In the .runtimeConfig file on the server, we will define the contributedConfigs so that the server can connect to the required external resources:

  • UrlResourceContributor to point to the target system to which we’ll make an API call:
<config class="com.ataccama.dqc.processor.support.UrlResourceContributor">
<urls>
<url name="TargetSystem" url="https://target-system.atlassian.net/rest/api/2">
<authConfig password="<encypted_password>" class="com.ataccama.dqc.processor.bin.config.auth.BasicAuthConfig" user="email@company.com"/>
</url>
</urls>
</config>

The .runtimeConfig will be deployed to <PROJECT>etc/orchestration.runtimeConfig

After deploying Server and Runtime Configuration files, we will restart the Orchestration Server. That’s it - we’ve just configured the integration. Let’s try it out!

 

Testing the workflow

 

The Workflow will be invoked automatically by the Notification Handler when a Monitoring Project evaluation job runs on Atacama ONE.

To test the setup, go to your ONE Web App and click Run monitoring on one or more of your Projects. Once the data quality results are ready, they will be evaluated by the component logic, and if the conditions you set are satisfied, you should see the expected item(s) pop up in the target system.

Need to troubleshoot? From your Orchestration Server’s Admin Console you can check:

  • The status of the Notification Handler (Workflows > Notifications in the left-hand menu) - is it enabled?
  • The status of the Workflow execution (Workflows > Configurations in the left-hand menu) - is it FINISHED_OK?
  • The logs from the Workflow execution - are there any errors?

Ready to give this a go? Or are you already using a different approach to integrating Ataccama with your systems? Let us know in the comments!

Very interesting post. We are looking at something similar. Question though: Issue will re-occur as long as the aren't solved. So how to prevent duplicating tickets?


@Marnix Wisselaar glad you found the post interesting!

You make a good point about repeating issues, here's how we approached it with one of my customers:

  1. They wanted to have 1 issue ticket per catalog item, if  multiple DQ checks are applied to a given catalog item, they are posted in the description of the same issue ticket.

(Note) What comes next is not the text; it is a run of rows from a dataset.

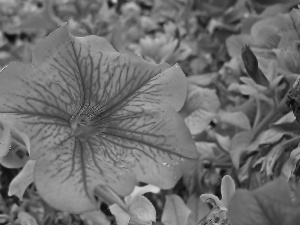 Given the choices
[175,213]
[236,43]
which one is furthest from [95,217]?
[236,43]

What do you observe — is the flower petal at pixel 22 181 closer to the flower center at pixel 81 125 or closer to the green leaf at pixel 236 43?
the flower center at pixel 81 125

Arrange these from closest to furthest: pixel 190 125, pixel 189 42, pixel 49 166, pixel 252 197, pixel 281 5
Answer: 1. pixel 252 197
2. pixel 49 166
3. pixel 190 125
4. pixel 281 5
5. pixel 189 42

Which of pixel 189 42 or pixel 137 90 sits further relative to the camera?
pixel 189 42

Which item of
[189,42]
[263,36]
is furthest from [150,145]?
[189,42]

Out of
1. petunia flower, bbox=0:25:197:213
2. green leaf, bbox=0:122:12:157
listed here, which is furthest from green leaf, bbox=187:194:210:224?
green leaf, bbox=0:122:12:157

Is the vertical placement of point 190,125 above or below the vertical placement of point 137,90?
below

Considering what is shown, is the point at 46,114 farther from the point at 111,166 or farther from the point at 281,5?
the point at 281,5

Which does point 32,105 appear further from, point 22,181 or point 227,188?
point 227,188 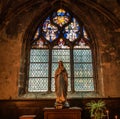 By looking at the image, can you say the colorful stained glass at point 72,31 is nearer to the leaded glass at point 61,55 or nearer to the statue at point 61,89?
the leaded glass at point 61,55

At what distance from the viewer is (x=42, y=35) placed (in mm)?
10562

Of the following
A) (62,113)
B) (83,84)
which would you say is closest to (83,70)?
(83,84)

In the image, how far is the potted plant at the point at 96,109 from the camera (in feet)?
25.9

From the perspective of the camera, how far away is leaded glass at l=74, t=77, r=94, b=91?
980 centimetres

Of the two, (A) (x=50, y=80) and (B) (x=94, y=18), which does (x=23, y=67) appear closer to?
(A) (x=50, y=80)

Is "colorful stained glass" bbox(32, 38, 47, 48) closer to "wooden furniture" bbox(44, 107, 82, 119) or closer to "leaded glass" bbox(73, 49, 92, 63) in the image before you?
"leaded glass" bbox(73, 49, 92, 63)

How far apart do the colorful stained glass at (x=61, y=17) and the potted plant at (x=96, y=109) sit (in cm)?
366

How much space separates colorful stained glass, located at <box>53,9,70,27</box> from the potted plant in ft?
12.0

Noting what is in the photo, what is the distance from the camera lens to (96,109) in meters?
8.29

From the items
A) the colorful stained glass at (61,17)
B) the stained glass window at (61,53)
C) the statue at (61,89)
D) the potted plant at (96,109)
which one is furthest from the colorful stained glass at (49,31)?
the potted plant at (96,109)

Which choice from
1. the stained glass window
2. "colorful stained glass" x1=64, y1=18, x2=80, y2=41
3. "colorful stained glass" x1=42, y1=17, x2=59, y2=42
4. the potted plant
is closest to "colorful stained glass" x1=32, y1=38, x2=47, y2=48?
the stained glass window

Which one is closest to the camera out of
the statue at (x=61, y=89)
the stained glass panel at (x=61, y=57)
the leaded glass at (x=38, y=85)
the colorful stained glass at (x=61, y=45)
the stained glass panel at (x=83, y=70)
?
the statue at (x=61, y=89)

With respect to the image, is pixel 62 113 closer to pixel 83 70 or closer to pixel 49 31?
pixel 83 70

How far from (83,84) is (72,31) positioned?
2301 millimetres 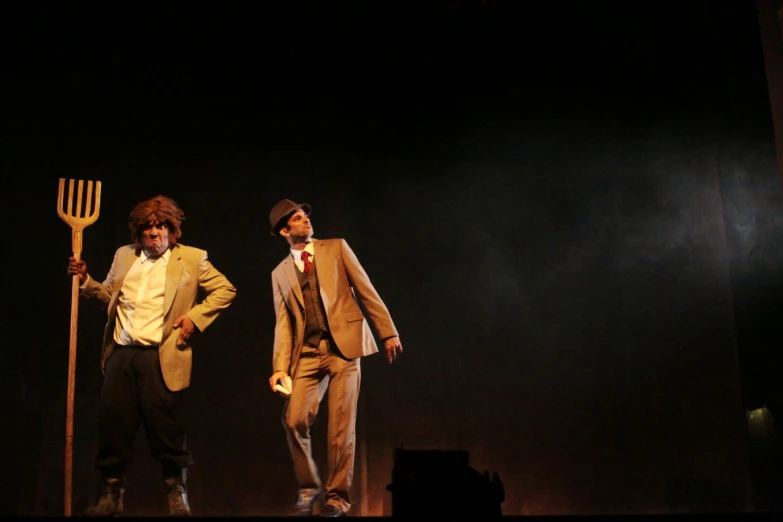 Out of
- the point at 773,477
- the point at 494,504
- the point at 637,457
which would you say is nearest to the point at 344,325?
the point at 494,504

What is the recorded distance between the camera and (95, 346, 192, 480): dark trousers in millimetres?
3885

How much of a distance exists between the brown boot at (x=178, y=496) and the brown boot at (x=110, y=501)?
248 millimetres

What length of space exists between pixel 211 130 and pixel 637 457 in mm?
3378

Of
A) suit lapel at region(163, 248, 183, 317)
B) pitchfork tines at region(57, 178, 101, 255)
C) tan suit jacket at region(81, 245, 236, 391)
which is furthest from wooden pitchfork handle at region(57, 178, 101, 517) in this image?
suit lapel at region(163, 248, 183, 317)

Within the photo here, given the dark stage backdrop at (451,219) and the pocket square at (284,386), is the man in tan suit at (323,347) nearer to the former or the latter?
the pocket square at (284,386)

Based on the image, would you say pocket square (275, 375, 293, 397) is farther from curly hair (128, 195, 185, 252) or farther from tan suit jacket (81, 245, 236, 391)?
curly hair (128, 195, 185, 252)

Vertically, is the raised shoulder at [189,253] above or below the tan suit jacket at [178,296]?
above

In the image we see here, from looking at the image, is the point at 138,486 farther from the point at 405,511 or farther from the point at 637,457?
the point at 637,457

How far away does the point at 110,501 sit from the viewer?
3.83 meters

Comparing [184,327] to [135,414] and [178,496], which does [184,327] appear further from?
[178,496]

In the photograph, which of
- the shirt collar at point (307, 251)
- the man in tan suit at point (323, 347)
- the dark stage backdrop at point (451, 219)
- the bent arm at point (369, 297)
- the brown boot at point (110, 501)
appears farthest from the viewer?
the dark stage backdrop at point (451, 219)

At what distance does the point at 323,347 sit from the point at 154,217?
120 cm

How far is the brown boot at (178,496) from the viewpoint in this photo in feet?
12.6

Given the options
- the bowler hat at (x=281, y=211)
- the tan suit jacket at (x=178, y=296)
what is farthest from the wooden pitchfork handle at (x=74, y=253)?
the bowler hat at (x=281, y=211) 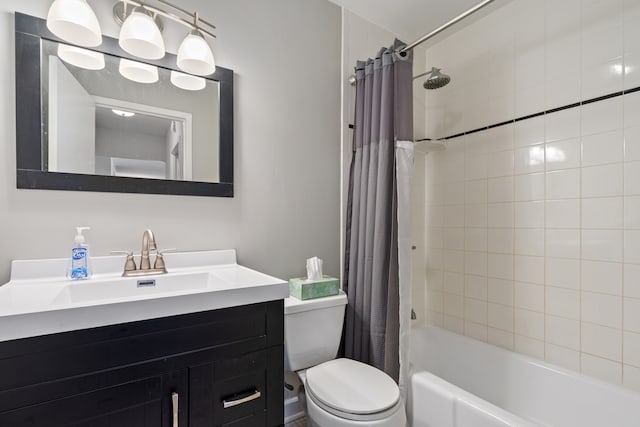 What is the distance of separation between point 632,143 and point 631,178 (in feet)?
0.54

Ticket headers and labels are derived from the catalog item name to allow searching/filtering.
  2. Once the DQ results are ready from the newest project run, the integration component makes a call to get the list of all currently open tickets related to the given catalog item.
  • If there's 0 such tickets then the integration creates a new ticket.
  • If there's >=1 such tickets then  the integration selects the newest one and posts a comment to this ticket with the most recent DQ result. 

Of course at this level of granularity it's impossible to determine automatically whether the exact same problem caused the dip in the DQ metric in several consecutive evaluations, but when working with large volumes of data it may be a necessary trade-off. If you want to track issues per record, it should be possible to use the same approach but you'll need to add invalid records export to the data flow processed by the integration component.

 

Would this work for you or do you anticipate some additional complexities? Thanks for sharing!